There is no doubt that today, copying has largely disappeared from the museum—even if, occasionally, one will find an artist or a group of art students in a museum gallery copying a famous canvas and even if postcard copies of works will be on sale in the museum gift shop. This may have to be tied to the disappearance not so much of the practice of copying but the practice of drawing, partly as a consequence of how art has developed. It does not make a whole lot of sense to take a group of art students to the museum and ask them to copy a Jackson Pollock.[13] Overall though, Han seems correct in his analysis that copying, in the Western art world, has accrued a bad rap and is associated with plagiarism and forgery. The museum is not nearly as open to the copy and to copying as it seems to have been in the late eighteenth century—the institutionalization of artists like Andy Warhol, who turned the copy into a part of their practice, notwithstanding. In this light, “the use of the photocopier as a creative tool” as it was explored in the “Experiments in Electrostatics” exhibition at the Whitney Museum in New York can partly be read as a reaction against these developments.[14] That is so even if this exhibition deals with mechanical reproduction rather than craft-based copying. It is not insignificant, given Stiegler’s argument, that this exhibition stopped “at the dawn of the digital era in the 1980s.” By and large, however, there appears to have been a progressive institutionalization of art as Art—art with a capital A—that is original and authentic, separate from the “bad” copy (small, very small c). Another indication of this process might be that if copying is still allowed in the museum today, only dry mediums are allowed. Presumably wet paint is banned because of the risk of interference with the original.[15]

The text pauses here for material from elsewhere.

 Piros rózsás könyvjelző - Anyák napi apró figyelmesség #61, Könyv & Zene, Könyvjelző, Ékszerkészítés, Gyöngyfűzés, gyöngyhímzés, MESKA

Strangely, this progression seems to have been set in motion precisely at a time when, as Stiegler in another lecture on aesthetics lays bare, commoners struggled to be recognized as art amateurs against “the practice of the Amateur [amateur with capital A], embodied by persons of noble rank, supposedly endowed with what the ancien régime called the ‘natural taste’ proper to ‘persons of rank.’”[16] As Stiegler puts it in more political terms, it is “monarchical taste” that is being targeted here, and being democratized from the king and the nobility—only those of rank can have taste—to the commoners. A commoner too could copy, and it is because of one’s copying skill that one becomes an art amateur—not just because of one’s rank.
Perhaps then the three developments need to be read together, in the sense that (1) the democratic birth of the amateur (small a) and (2) their simultaneous proletarianization lead to (3) a kind of monarchization of Art (capital A), because with the proletarianization of the amateur, copying disappeared from the museum, and monarchical Art was instituted. What looked like a democratic moment on the side of the spectator was actually a profoundly undemocratic moment on the side of art and the art institution, as marked by the disappearance of the copy. Adam Bosse’s Leviathan, the frontispiece of Thomas Hobbes’s celebrated work on sovereignty, can thus come to stand in for the work of Art at large. It is those traces of (1) the democratization of the art amateur plus (2) their proletarianization and (3) the monarchization of Art that one confronts in a discussion of aesthetic exceptionalism.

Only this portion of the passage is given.